AN EMERGENCY IN SLOW MOTION

The Inner Life of Diane Arbus

by William Todd Schultz

Pub Date: Sept. 1st, 2011
ISBN: 978-1-60819-519-0
Publisher: Bloomsbury

A theorist of psychobiography offers an example of his favored approach in an exploration of a most perplexing figure, the edgy and controversial photographer Diane Arbus (1923–1971).

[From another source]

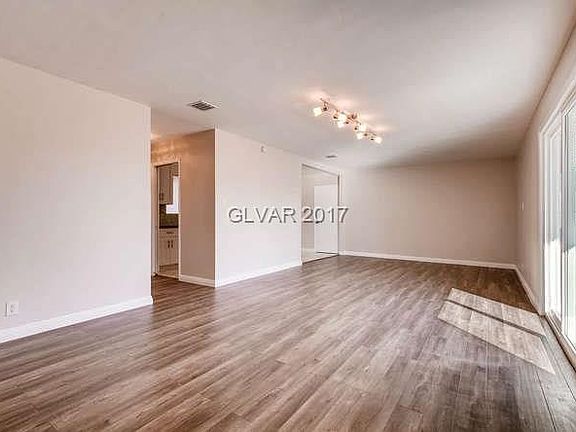 5th image of 1203 Arrowhead Ave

Arbus provides a promising canvas for Schultz, who’s also written about Truman Capote (Tiny Terror, 2011). He sketches the privileged childhood of Arbus, whose brother was poet Howard Nemerov (the talented siblings engaged in a little youthful sex play, says Schultz), and highlights the significance of an early memory of seeing a shantytown. The author moves briskly through her career, returning continually to the notion that as Arbus’ subject were often freaks, so she, too, was one. He dusts off the familiar notion that her photographs are generally about herself—she sought herself, reflected herself, found herself in others. Her final group of subjects—the mentally retarded—she found frustrating to work with, writes Schultz, because she could not elicit from them the interactions she found so essential. The author also focuses on Arbus’ sex life, noting how frequently she posed her subjects in their beds (including TV icons Ozzie and Harriet in 1971) and how she sometimes engaged in sex acts with the people she was photographing. She seduced her subjects, writes Schultz, sometimes in multiple ways. An exception was Germaine Greer; their session was a remarkable struggle of wills, which Greer won. Arbus had one failed marriage, a late-life affair that didn’t work out, countless sex partners, a battle with hepatitis, an odd course of psychotherapy and issues with cash flow—all culminating in the stress and depression that led to her suicide. Schultz writes in detail about her death and remains uncertain if she fully intended to kill herself.